Score Distillation of Flow Matching Models
Mingyuan Zhou, Yi Gu, Huangjie Zheng, Liangchen Song, Guande He, Yizhe Zhang, Wenze Hu, Yinfei Yang
TL;DR
The paper addresses slow diffusion sampling by presenting a unified Gaussian-based perspective that links diffusion and flow matching. It derives Tweedie's formula to show equivalence of various targets (x0-, ε-, v-prediction) and analyzes loss weighting as the practical differentiator, avoiding ODE/SDE formulations. Building on this, it extends Score identity Distillation (SiD) to DiT-based flow-matching models and demonstrates data-free and data-aided distillation across SANA, SD3/SD3.5, and FLUX.1-dev to produce four-step generators without teacher finetuning, using a single codebase. The results establish a robust, general framework for accelerating flow- and diffusion-based text-to-image generation and bridge theoretical gaps between the two paradigms.
Abstract
Diffusion models achieve high-quality image generation but are limited by slow iterative sampling.

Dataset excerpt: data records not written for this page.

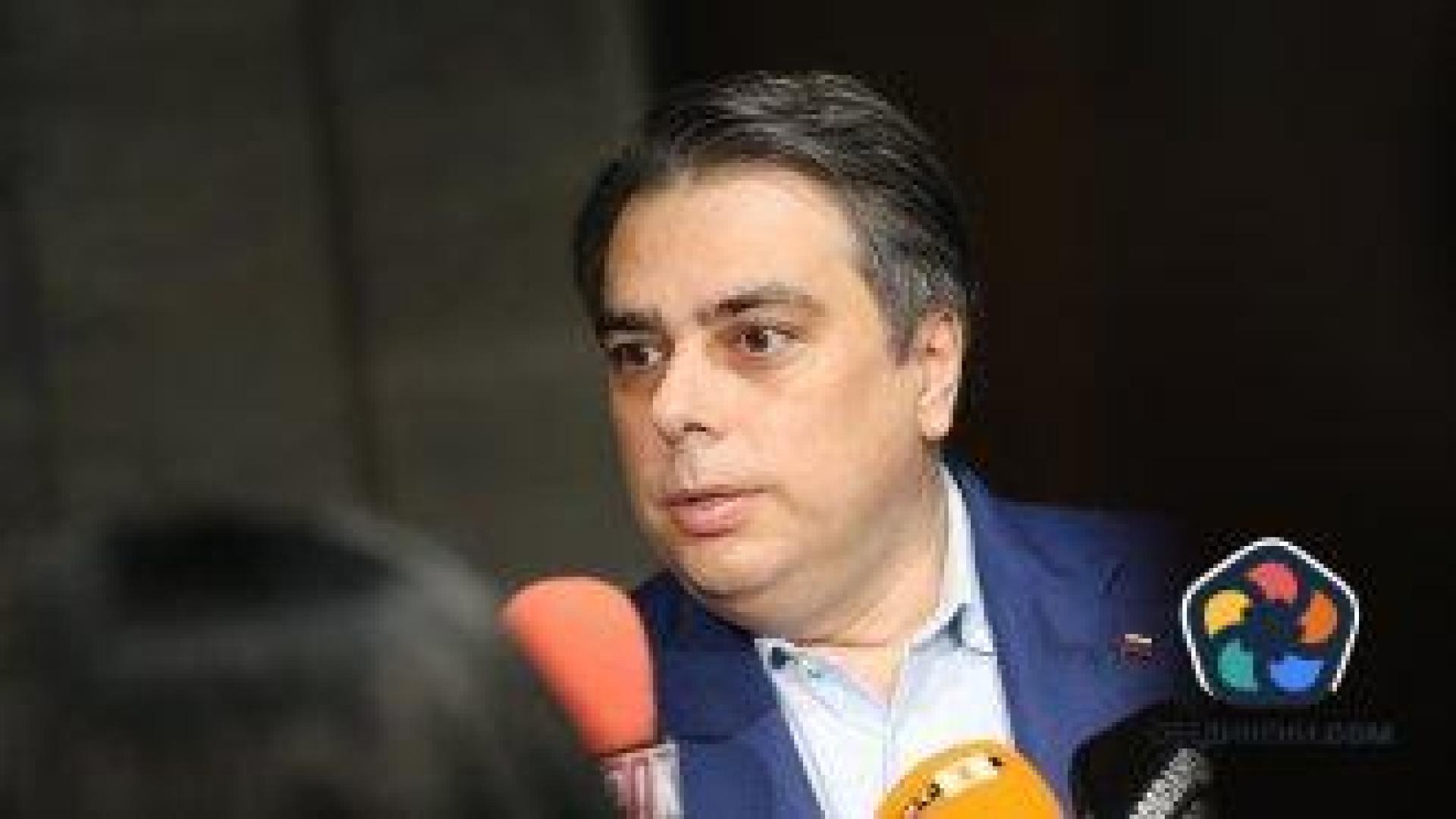 Асен Василев: Щом съм ги хипнотизирал, ще мигам по-често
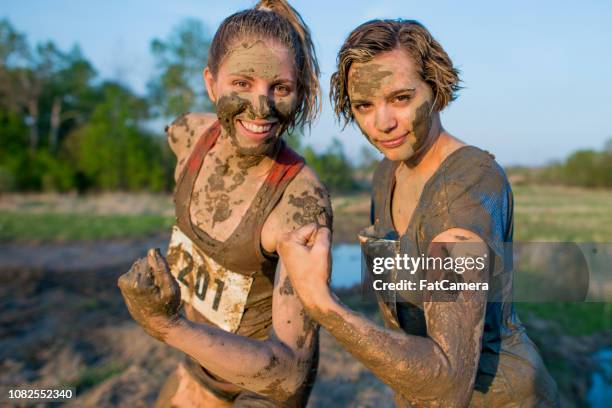 schlamm-rennen - mud run stock-fotos und bilder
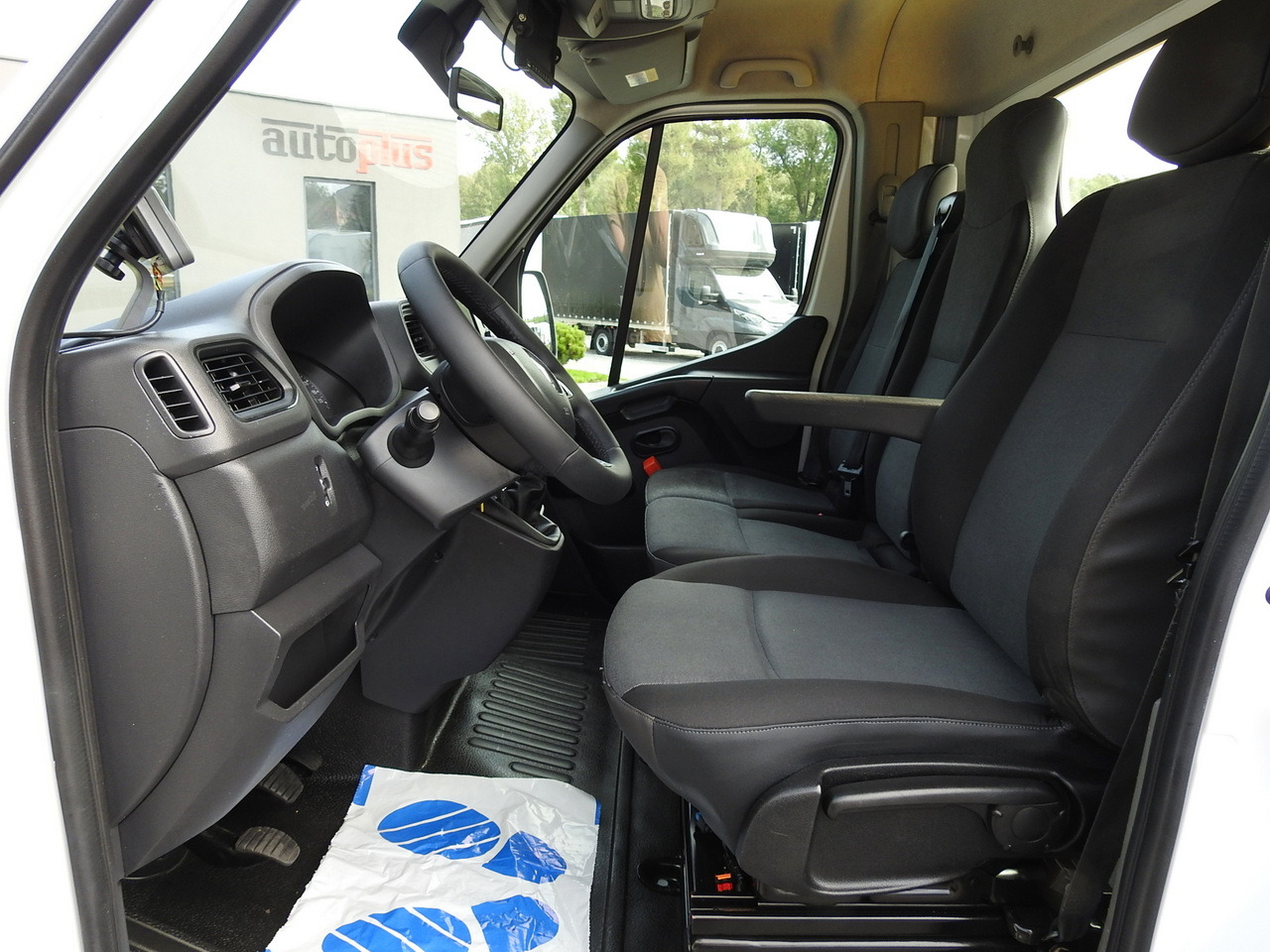 Tipper van RENAULT MASTER TIPPER CRUISE CONTROL NAVIGATION AIR CONDITIONING LED LIGHTS TWIN WHEELS LOAD WEIGHT 145HP: picture 38 Tipper van RENAULT MASTER TIPPER CRUISE CONTROL NAVIGATION AIR CONDITIONING LED LIGHTS TWIN WHEELS LOAD WEIGHT 145HP: picture 38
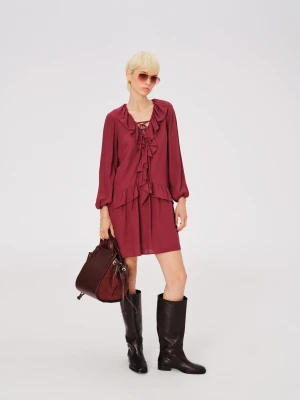 Burgundowa sukienka z falbanami TARANKO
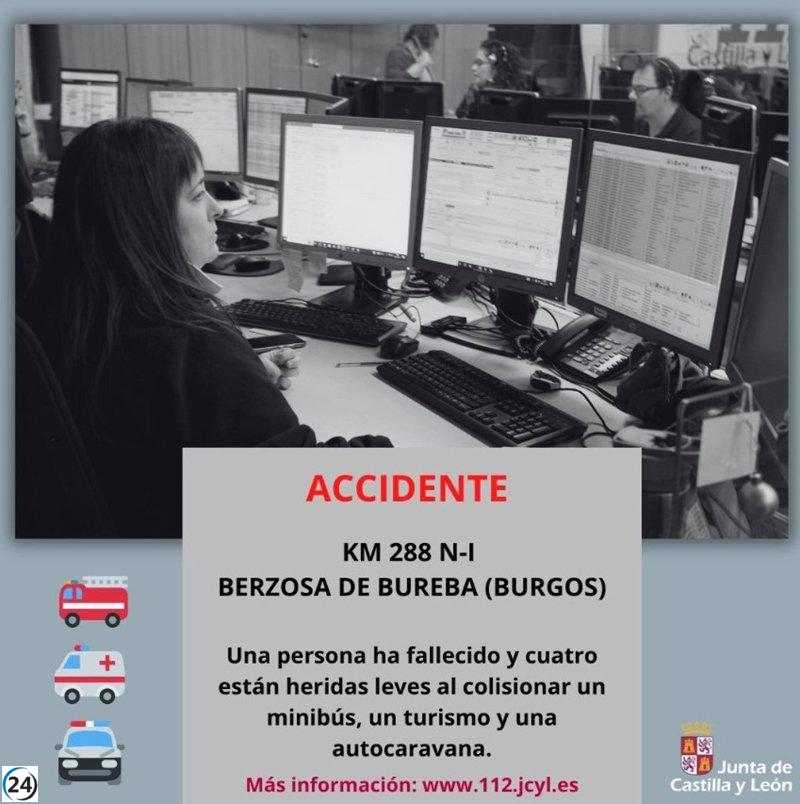 Tragedia en Burgos: un choque entre un minibús, un coche y una caravana deja un muerto y cuatro heridos.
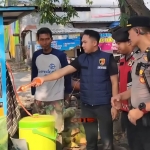 Polisi saat melakukan olah TKP pencurian tas milik pedagang es degan di Lamongan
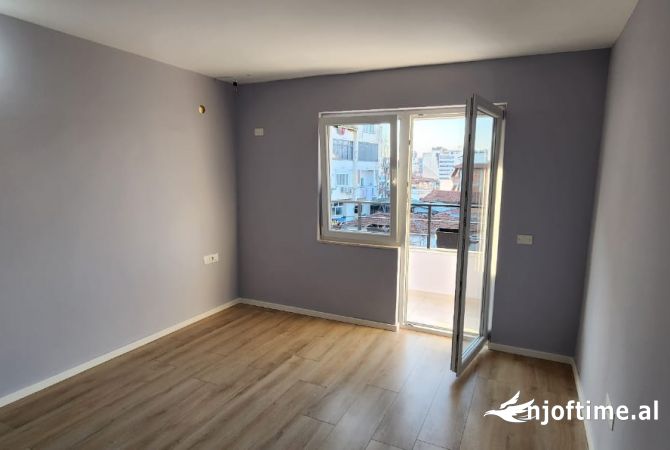Shtepi me qera Apartament ne Tirane, 2+1, Mobilimi Pjeserisht e mobiluar, Pagesa 500  Euro.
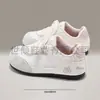 Moda Casual de Malha para Treinamento Alemão, Sapatos Fofos Estilo Cartoon Feminino para Comércio Transfronteiriço - Coleção Primavera/Verão 2026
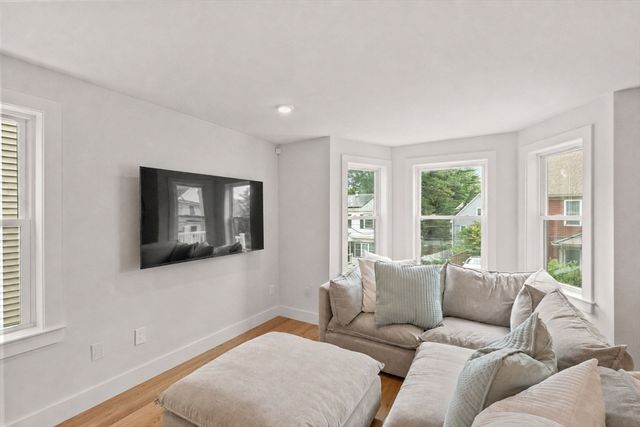 20 Ufford St 1, Boston, MA 02124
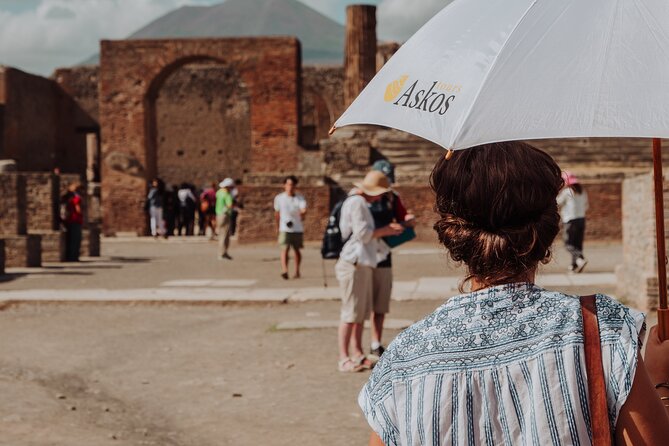 Explore Pompeii with an Archaeologist - The forum and basilica: Pompeii’s public center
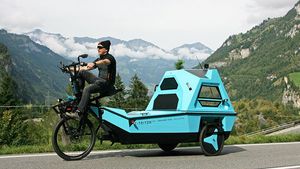 சைக்கிள், போட், களைப்பாற்றும் ரூம்... எப்படி வேணாலும் பயன்படுத்திக்கலாம்... இப்படி ஒரு வண்டி-தாங்க தேவை!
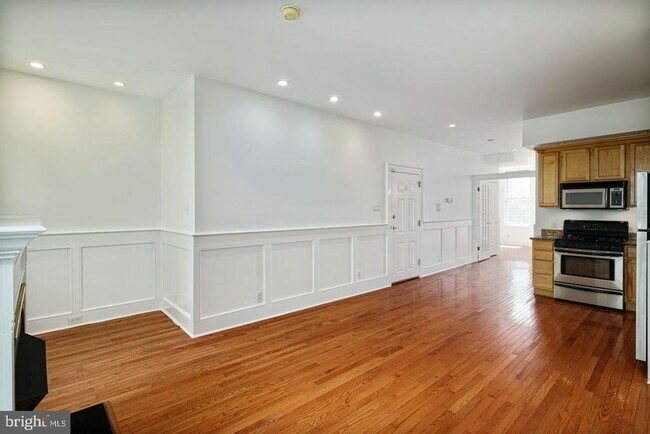 Photo - 632 Pine St Unit 2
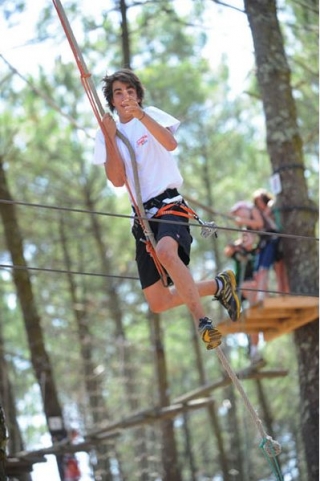 En avant pour le saut de Tarzan
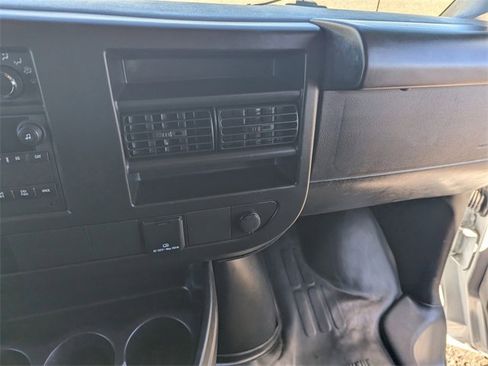 Used 2024 GMC Savana 2500 Work Van w/ Driver Convenience Package image 17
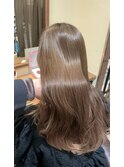 ヘーゼルベージュ　ベージュカラー　ブリーチなし　髪質改善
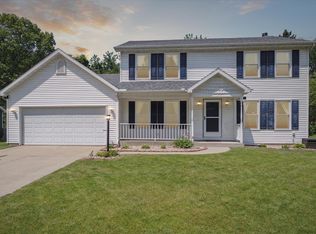 10055 Ashwood Forest Dr, Osceola, IN 46561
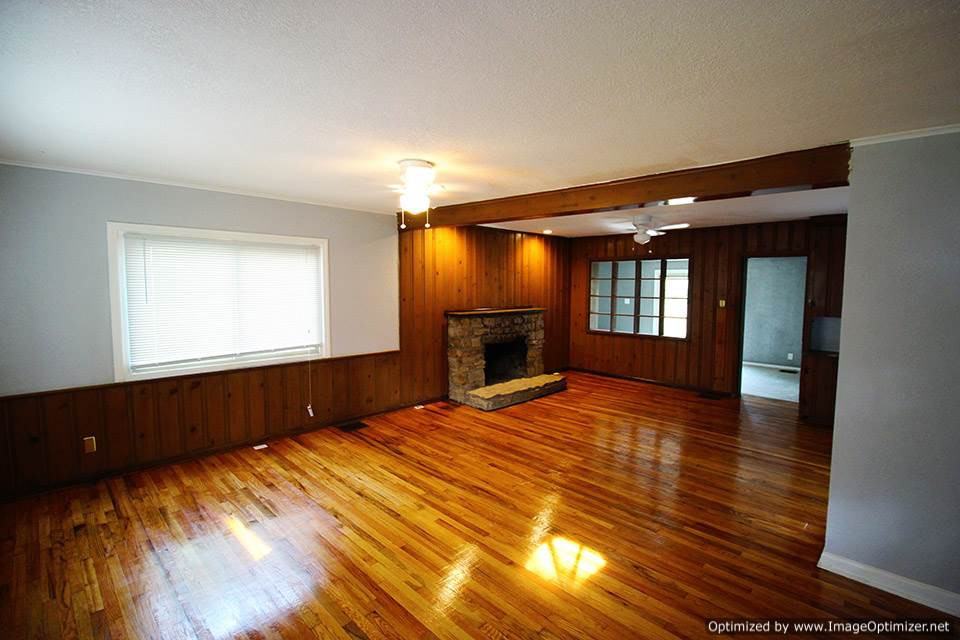 9204 Askew Ave - Photo 3 of 17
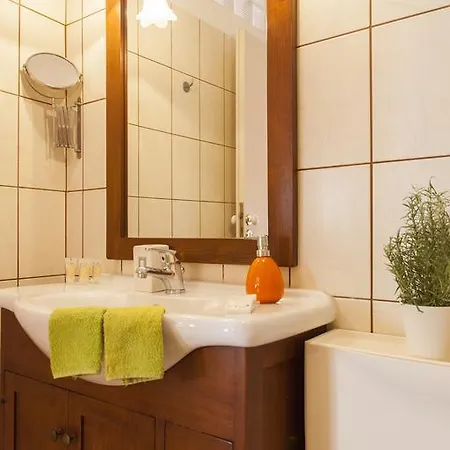 Апартаменты Kirki *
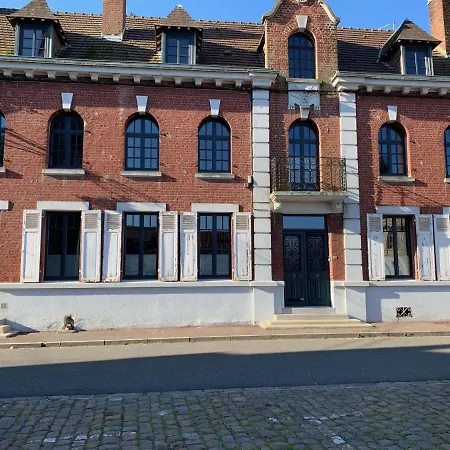 Pensión 6 Place De La Détente 4*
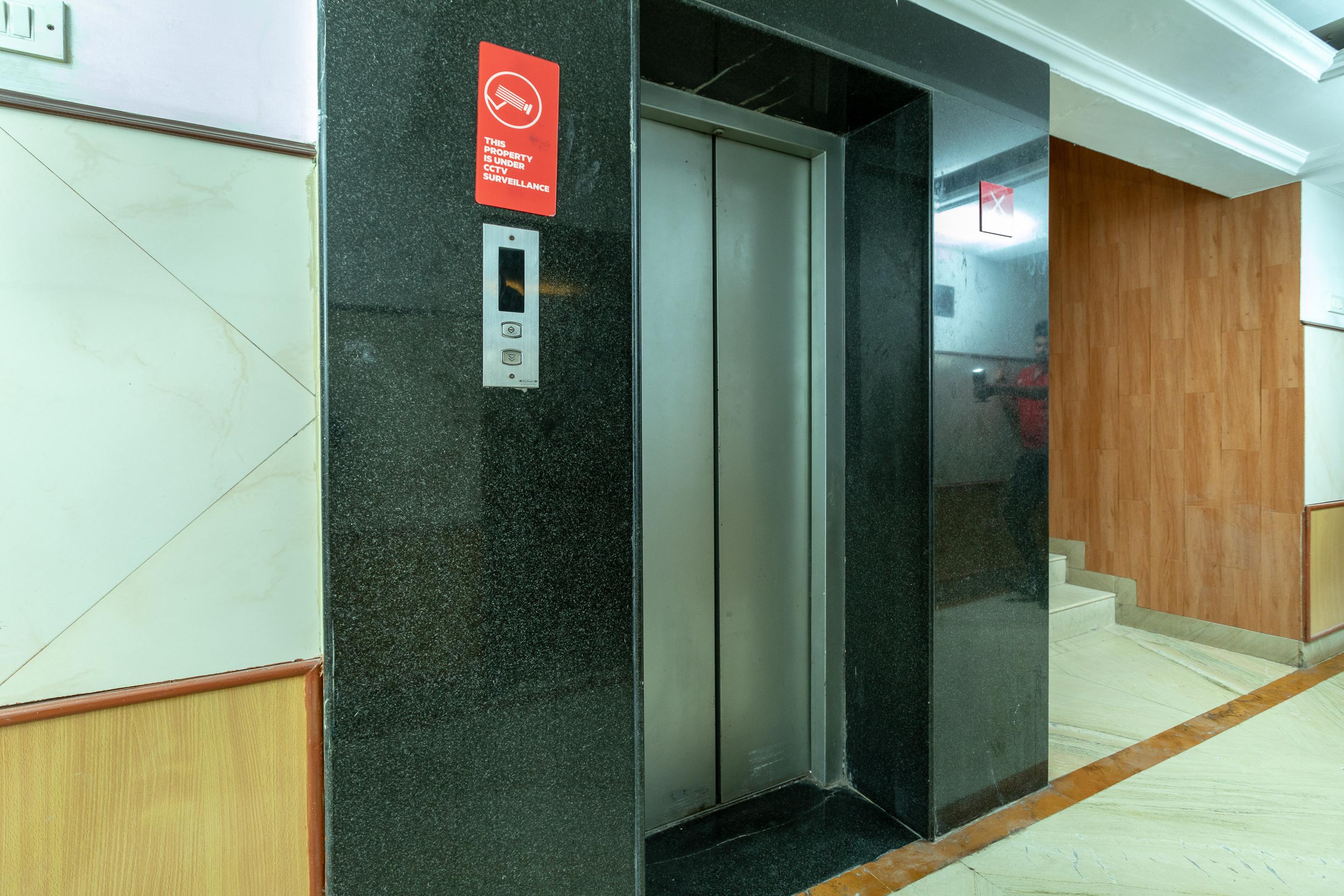 Hotel Fabexpress Marigold I Nueva Delhi Exterior foto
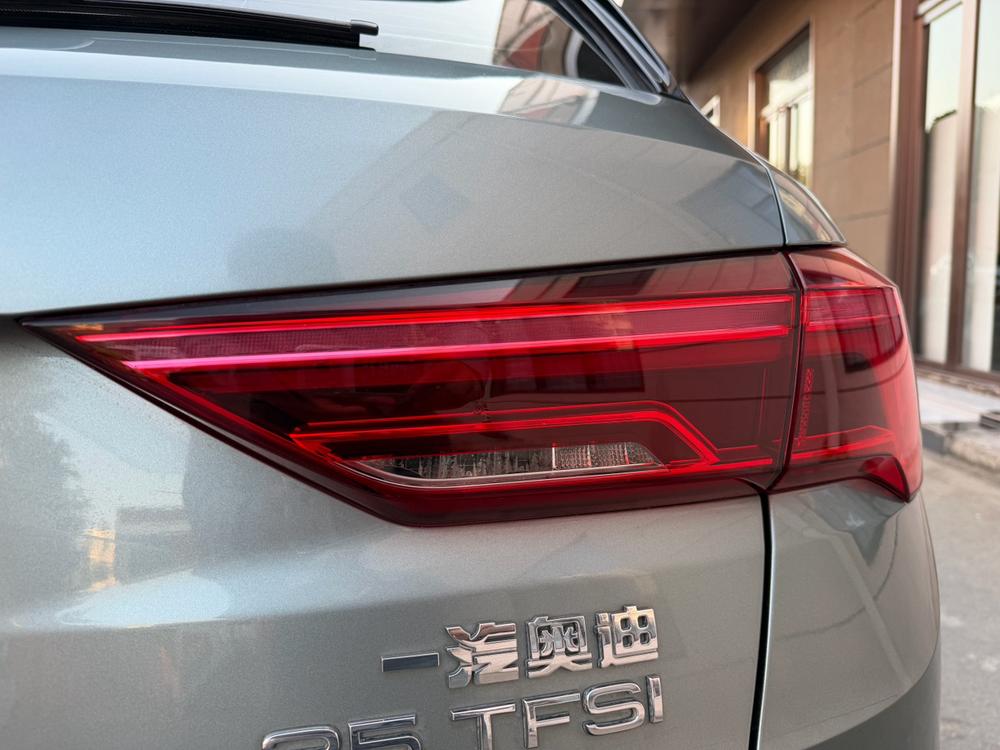 Audi Audi Q3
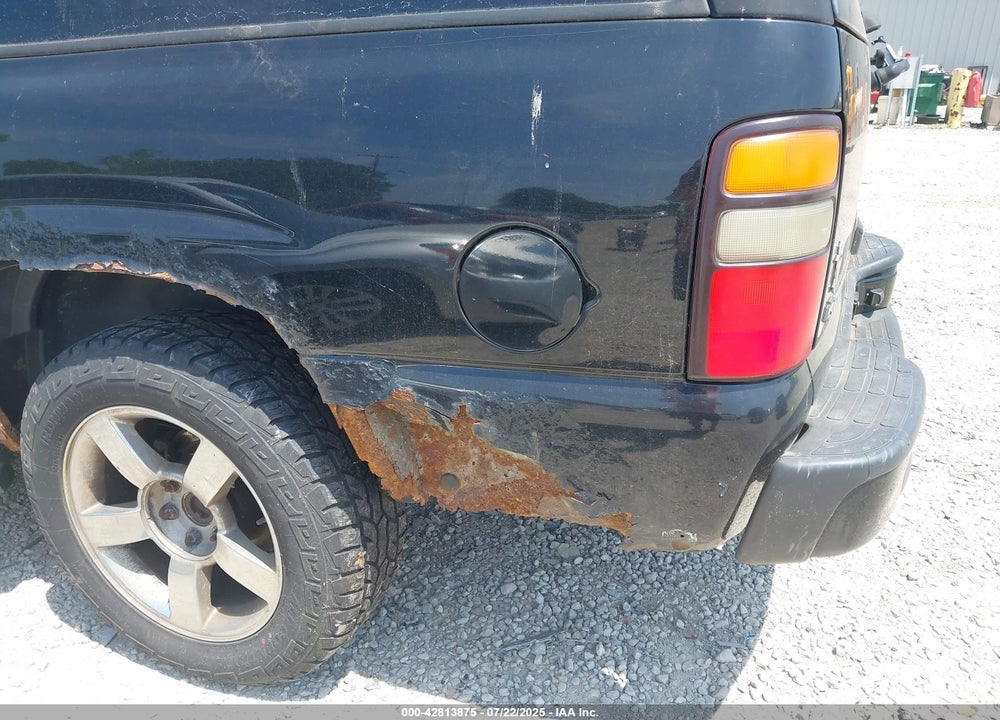 2006 CHEVROLET SUBURBAN 1500 LTZ VIN: 3GNFK16U36G199562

Distillation methods alleviate this by enabling one- or few-step generation. Flow matching, originally introduced as a distinct framework, has since been shown to be theoretically equivalent to diffusion under Gaussian assumptions, raising the question of whether distillation techniques such as score distillation transfer directly. We provide a simple derivation -- based on Bayes' rule and conditional expectations -- that unifies Gaussian diffusion and flow matching without relying on ODE/SDE formulations. Building on this view, we extend Score identity Distillation (SiD) to pretrained text-to-image flow-matching models, including SANA, SD3-Medium, SD3.5-Medium/Large, and FLUX.1-dev, all with DiT backbones. Experiments show that, with only modest flow-matching- and DiT-specific adjustments, SiD works out of the box across these models, in both data-free and data-aided settings, without requiring teacher finetuning or architectural changes. This provides the first systematic evidence that score distillation applies broadly to text-to-image flow matching models, resolving prior concerns about stability and soundness and unifying acceleration techniques across diffusion- and flow-based generators. A project page is available at https://yigu1008.github.io/SiD-DiT.